Fansink 302 and hybrid cooling module 304 may be implemented independently or in combination to dissipate heat from a processor, in order to dissipate heat from the processor in the most efficient manner. For example, fansink 302 may be implemented to dissipate a majority of the generated heat, hybrid liquid cooling module 304 may be implemented to dissipate a smaller quantity of heat, and the proportions of heat dissipated by fansink 302 and hybrid cooling module 304 may be dynamically adjusted. Alternatively, one of fansink 302 and hybrid cooling module 304 may be implemented as a primary means for heat dissipation, while the other mechanism is implemented on an as-needed basis to dissipate excess heat.
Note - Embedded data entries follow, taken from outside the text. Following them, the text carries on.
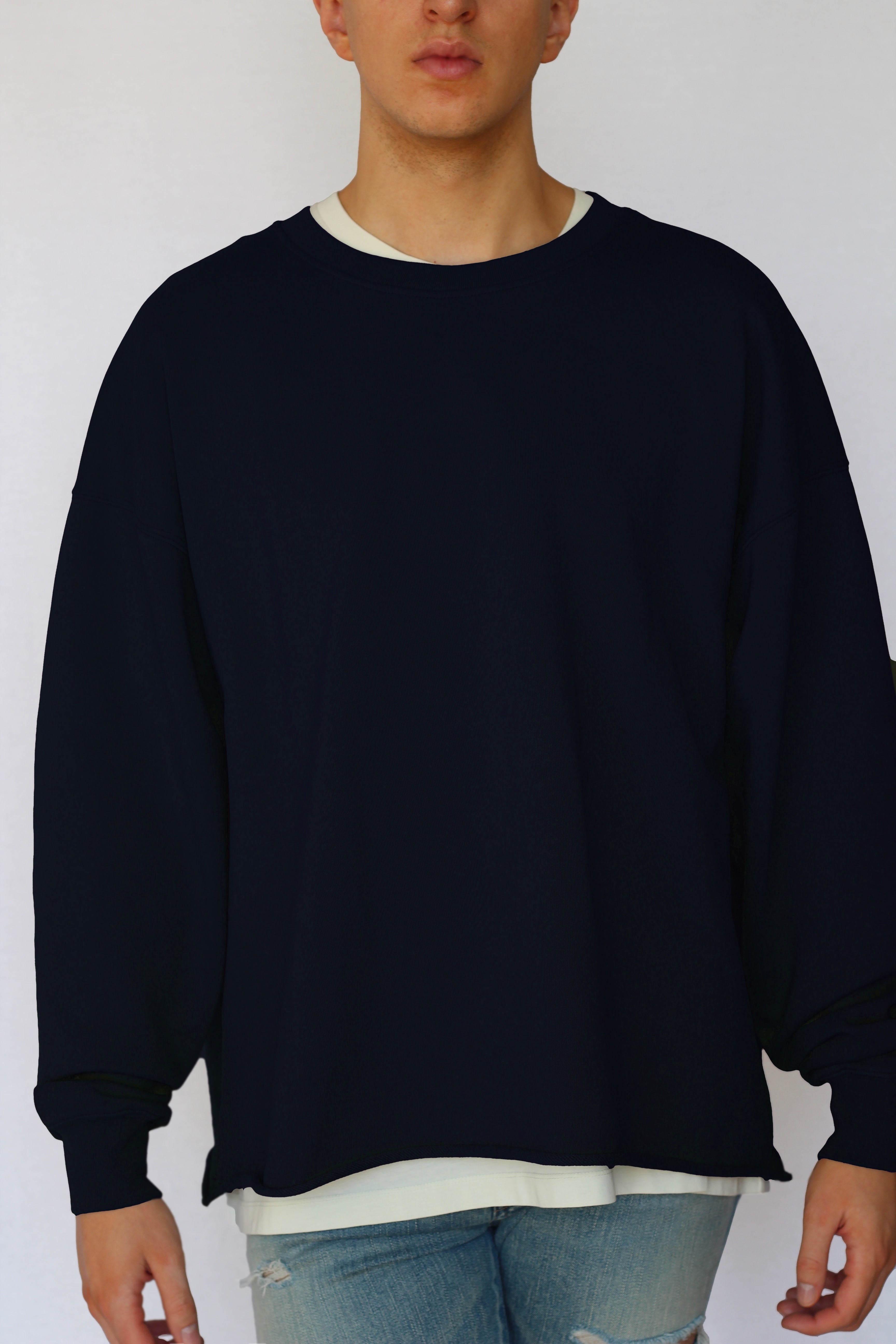 oversized raw-edge sweatshirt - navy blue - Commun des Mortels
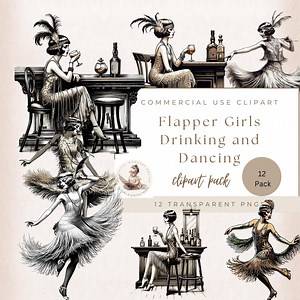 Flapper Girls 1920's, Vintage Women Clipart, Girl Dancing Sitting at A Bar, Commercial Use, Art Nouveau Clipart, 1920S Party, Digital Crafts - Etsy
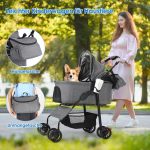 3 u 1 sklopiva kolica za ljubimce 30 kg, siva - - Image 3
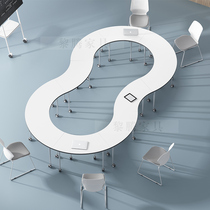 Shanghai new conference table training table and chairs combination mobile student table creative free splicing negotiation table desk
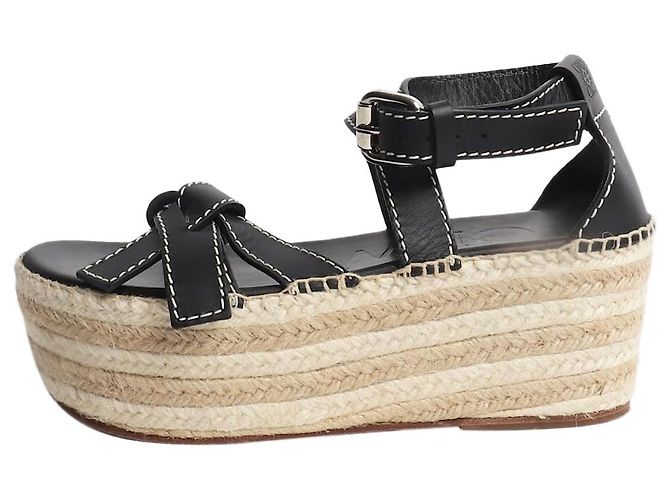 Loewe Black leather platform espadrille sandals - size EU 37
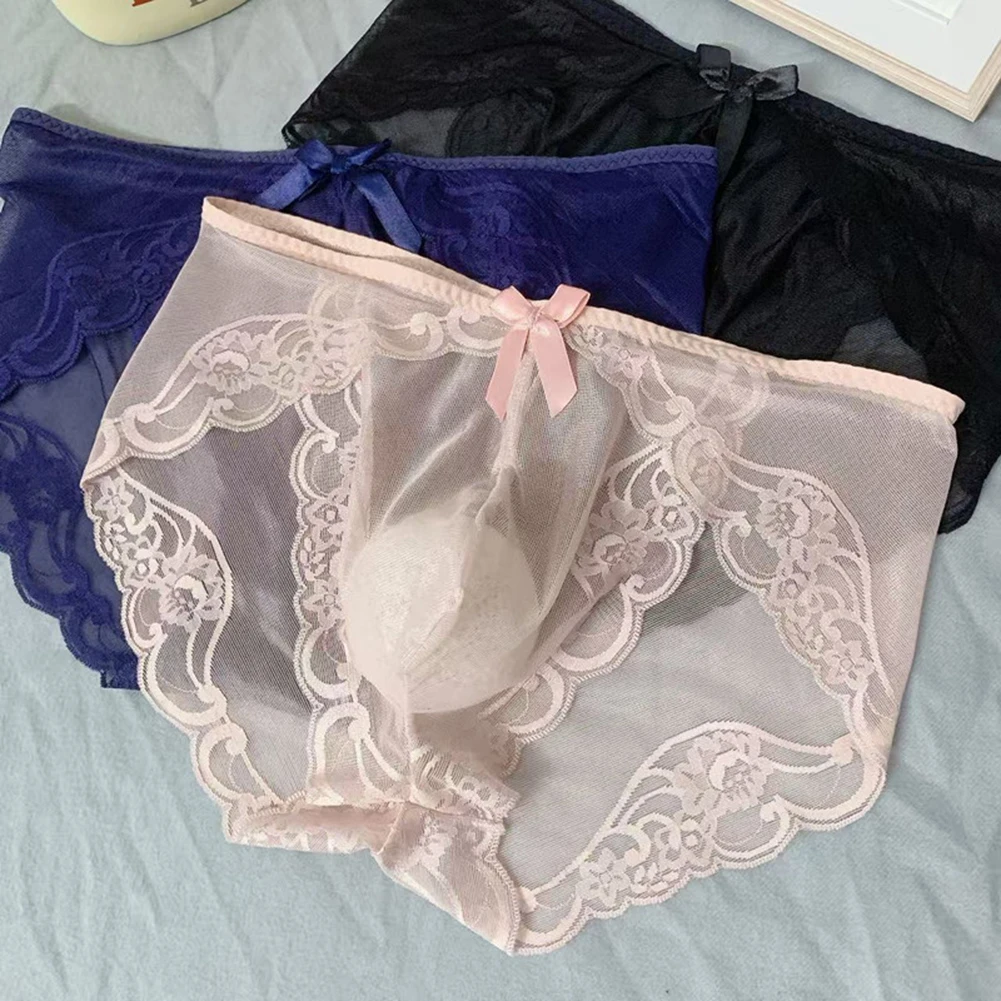 Men Sheer Lace Seamless Briefs Bulge Pouch Low Waist Underwear Erotic Lingerie For Sissy Gay Crossdresser Sexyy Transparent Pant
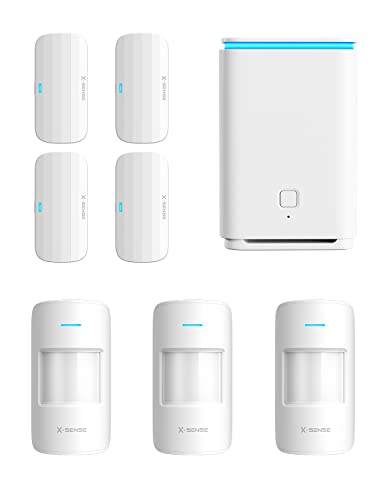 X-Sense 9-Piece Home Security System, 1 ¼-Mile Range Base Station, Compatible with Alexa, No Contract, Include 3 Motion Sensors, 4 Door/Window Sensors, 1 Remote Control, for Indoor Security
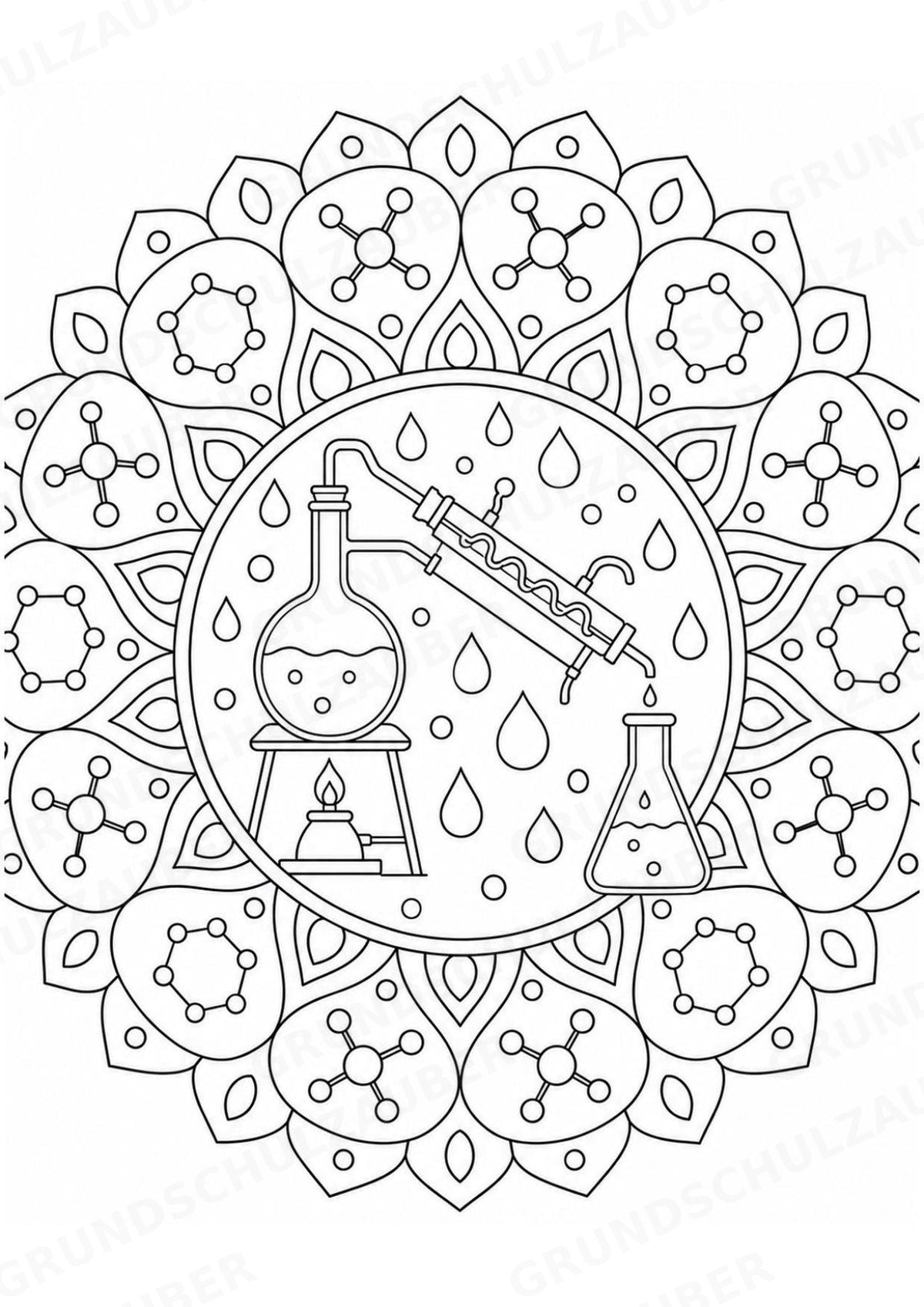 Chemie Mandalas Ausmalbilder – Fach – 15 Malvorlagen – Materialseite 13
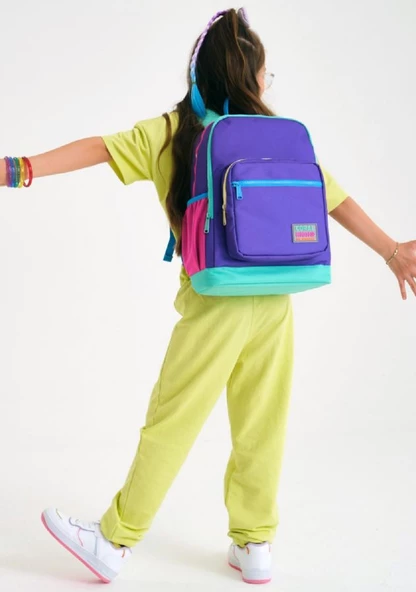 Coral High Mor Dört Bölmeli İlkokul ve Günlük Sırt Çantası - Kız Çocuk - Resim 2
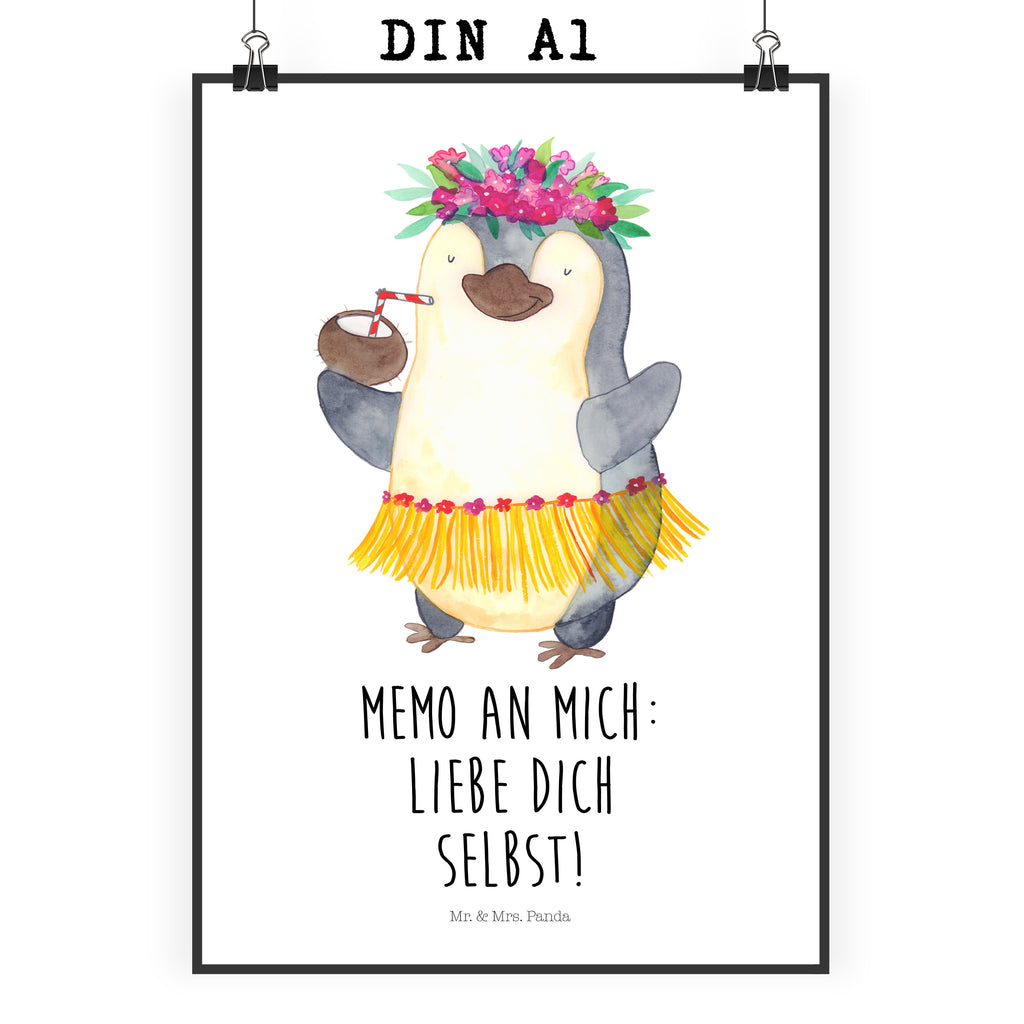 Poster Pinguin Kokosnuss Poster, Wandposter, Bild, Wanddeko, Küchenposter, Kinderposter, Wanddeko Bild, Raumdekoration, Wanddekoration, Handgemaltes Poster, Mr. & Mrs. Panda Poster, Designposter, Kunstdruck, Posterdruck, Pinguin, Aloha, Hawaii, Urlaub, Kokosnuss, Pinguine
One drawback to using the hybrid cooling system 300 is that, when the pump is inoperative and no heat transfer liquid is circulated through the liquid channel 312, a substantial amount of cooling capacity is lost because air cooling provided by the fansink 302 is limited to the air channels 310, 322 that are not obstructed by the liquid channel 312. In other hybrid cooling system configurations, the fansink and the liquid cooling module may be “stacked” such that the fansink is disposed on top of the hybrid cooling module. In such configurations, when the pump is inoperative and no heat transfer liquid is circulated through the liquid channel, the standing liquid in the liquid channel acts like an insulator and retards the heat transfer between the processor or other heat-generating device and the walls of the fansink air channels, substantially decreasing the cooling efficiency of the hybrid cooling system. In addition, when such a “stacked” hybrid cooling system is installed in a peripheral component interconnect (PCI) slot, height restrictions become a concern. Consequently, the height of the fansink air channels may be reduced to allow the system to fit within the allocated space. Reducing the height of the air channels reduces the effective heat transfer area of the air channels, further decreasing the cooling efficiency of the hybrid cooling system.
As the foregoing illustrates, what is needed in the art is a way to increase the efficiency of hybrid cooling systems, especially when the liquid cooling portion of the system is not being used.